Let's compare how our ML grading system performs against human grading.

In [None]:
# Define some sample data with both ML and human grades
comparison_data = [
    {
        "submission_id": "s1",
        "question_id": "q1",
        "human_score": 8.5,
        "ml_score": result['score'] if new_submission['question_id'] == 'q1' else 7.5,
        "confidence": result['confidence'] if new_submission['question_id'] == 'q1' else 0.85
    },
    {
        "submission_id": "s2",
        "question_id": "q2",
        "human_score": 6.0,
        "ml_score": result['score'] if new_submission['question_id'] == 'q2' else 5.5,
        "confidence": result['confidence'] if new_submission['question_id'] == 'q2' else 0.75
    },
    {
        "submission_id": "s3",
        "question_id": "q3",
        "human_score": 9.0,
        "ml_score": result['score'] if new_submission['question_id'] == 'q3' else 8.5,
        "confidence": result['confidence'] if new_submission['question_id'] == 'q3' else 0.90
    }
]

# Convert to DataFrame
comparison_df = pd.DataFrame(comparison_data)
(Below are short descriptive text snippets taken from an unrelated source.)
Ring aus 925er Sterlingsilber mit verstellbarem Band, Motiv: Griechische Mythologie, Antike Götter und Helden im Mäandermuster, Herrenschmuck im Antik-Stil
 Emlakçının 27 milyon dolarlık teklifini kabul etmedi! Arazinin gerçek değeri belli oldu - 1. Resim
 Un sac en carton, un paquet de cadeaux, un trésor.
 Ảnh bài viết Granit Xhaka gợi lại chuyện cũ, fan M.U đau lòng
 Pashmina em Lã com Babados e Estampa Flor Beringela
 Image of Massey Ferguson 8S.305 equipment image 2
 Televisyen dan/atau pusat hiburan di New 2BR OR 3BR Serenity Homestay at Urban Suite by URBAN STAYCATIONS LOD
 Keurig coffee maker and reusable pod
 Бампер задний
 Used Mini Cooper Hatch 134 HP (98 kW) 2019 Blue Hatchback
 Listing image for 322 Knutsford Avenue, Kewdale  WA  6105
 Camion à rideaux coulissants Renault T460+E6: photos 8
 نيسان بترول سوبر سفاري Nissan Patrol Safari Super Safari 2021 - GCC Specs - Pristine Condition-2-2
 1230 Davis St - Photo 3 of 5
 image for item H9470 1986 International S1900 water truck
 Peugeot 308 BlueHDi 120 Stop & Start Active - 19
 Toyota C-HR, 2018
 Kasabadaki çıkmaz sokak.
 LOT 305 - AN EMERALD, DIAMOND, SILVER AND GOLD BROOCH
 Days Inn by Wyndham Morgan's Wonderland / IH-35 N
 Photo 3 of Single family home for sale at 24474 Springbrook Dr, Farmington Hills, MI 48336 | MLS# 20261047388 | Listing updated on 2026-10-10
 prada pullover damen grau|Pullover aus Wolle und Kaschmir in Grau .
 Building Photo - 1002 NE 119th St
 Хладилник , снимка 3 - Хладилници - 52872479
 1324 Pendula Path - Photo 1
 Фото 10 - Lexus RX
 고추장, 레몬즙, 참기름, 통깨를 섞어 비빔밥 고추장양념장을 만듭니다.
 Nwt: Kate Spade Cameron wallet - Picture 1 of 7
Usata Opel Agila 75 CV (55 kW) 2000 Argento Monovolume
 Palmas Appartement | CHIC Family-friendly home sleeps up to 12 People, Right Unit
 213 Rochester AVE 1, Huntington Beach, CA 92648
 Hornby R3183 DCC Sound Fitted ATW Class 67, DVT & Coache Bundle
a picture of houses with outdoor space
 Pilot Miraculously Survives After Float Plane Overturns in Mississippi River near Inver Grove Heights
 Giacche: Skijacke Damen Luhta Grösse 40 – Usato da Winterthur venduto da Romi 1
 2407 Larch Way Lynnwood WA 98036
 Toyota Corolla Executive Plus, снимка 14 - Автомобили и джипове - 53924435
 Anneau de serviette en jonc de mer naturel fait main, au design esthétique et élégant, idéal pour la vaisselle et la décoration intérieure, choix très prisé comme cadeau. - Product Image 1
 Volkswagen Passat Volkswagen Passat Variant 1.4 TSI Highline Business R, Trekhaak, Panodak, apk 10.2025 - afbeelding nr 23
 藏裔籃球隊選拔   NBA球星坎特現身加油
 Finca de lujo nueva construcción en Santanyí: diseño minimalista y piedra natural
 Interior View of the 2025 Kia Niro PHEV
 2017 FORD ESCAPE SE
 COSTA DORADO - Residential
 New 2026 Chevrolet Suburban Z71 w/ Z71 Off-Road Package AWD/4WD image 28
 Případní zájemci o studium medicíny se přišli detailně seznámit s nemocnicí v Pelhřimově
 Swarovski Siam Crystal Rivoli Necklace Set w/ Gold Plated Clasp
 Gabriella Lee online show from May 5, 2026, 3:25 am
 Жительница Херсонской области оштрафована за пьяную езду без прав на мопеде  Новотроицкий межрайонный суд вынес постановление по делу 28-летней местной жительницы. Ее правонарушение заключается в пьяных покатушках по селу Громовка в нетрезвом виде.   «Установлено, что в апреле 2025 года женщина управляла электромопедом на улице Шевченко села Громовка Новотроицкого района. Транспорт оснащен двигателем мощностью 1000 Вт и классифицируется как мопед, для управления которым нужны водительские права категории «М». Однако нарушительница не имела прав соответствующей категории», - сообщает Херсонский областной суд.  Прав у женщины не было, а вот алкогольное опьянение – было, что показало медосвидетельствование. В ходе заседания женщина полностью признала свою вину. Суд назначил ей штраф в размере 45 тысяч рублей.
# Calculate absolute difference
comparison_df['diff'] = abs(comparison_df['human_score'] - comparison_df['ml_score'])

# Display comparison
print("Human vs. ML Grading Comparison:")
print(comparison_df)

# Calculate overall metrics
mean_diff = comparison_df['diff'].mean()
max_diff = comparison_df['diff'].max()
within_1_point = (comparison_df['diff'] <= 1.0).mean() * 100

print(f"\nAverage difference: {mean_diff:.2f} points")
print(f"Maximum difference: {max_diff:.2f} points")
print(f"Percentage within 1 point: {within_1_point:.1f}%")

# Visualize comparison
plt.figure(figsize=(10, 6))

# Bar chart comparing human and ML scores
bar_width = 0.35
index = np.arange(len(comparison_df))

plt.bar(index, comparison_df['human_score'], bar_width, label='Human Score', color='blue', alpha=0.7)
plt.bar(index + bar_width, comparison_df['ml_score'], bar_width, label='ML Score', color='green', alpha=0.7)

plt.xlabel('Submission')
plt.ylabel('Score')
plt.title('Human vs. ML Grading Comparison')
plt.xticks(index + bar_width / 2, comparison_df['submission_id'])
plt.legend()
plt.ylim(0, 10)
plt.grid(True, linestyle='--', alpha=0.3)

plt.tight_layout()
plt.show()

## 10. Conclusion and Next Steps

In this notebook, we've demonstrated the core ML capabilities of the Auto-Grader system:

1. Training ML models for grading student submissions
2. Using multiple grading methods (similarity, keyword matching, transformer-based)
3. Generating detailed, actionable feedback for students
4. Managing model versions and conducting A/B tests
5. Evaluating ML grading against human grading

**Next steps for the Auto-Grader ML system:**

1. **Expand training data**: Incorporate more real student submissions and human-graded examples
2. **Support more question types**: Extend to handle code submissions, mathematical equations, diagrams
3. **Improve feedback generation**: Create more personalized and educationally valuable feedback
4. **Implement active learning**: Allow the system to learn from teacher corrections
5. **Develop bias detection**: Ensure fair grading across different student populations
6. **Build explainability tools**: Help teachers understand why the system assigned specific grades

These improvements will help make the Auto-Grader system more accurate, fair, and educationally effective.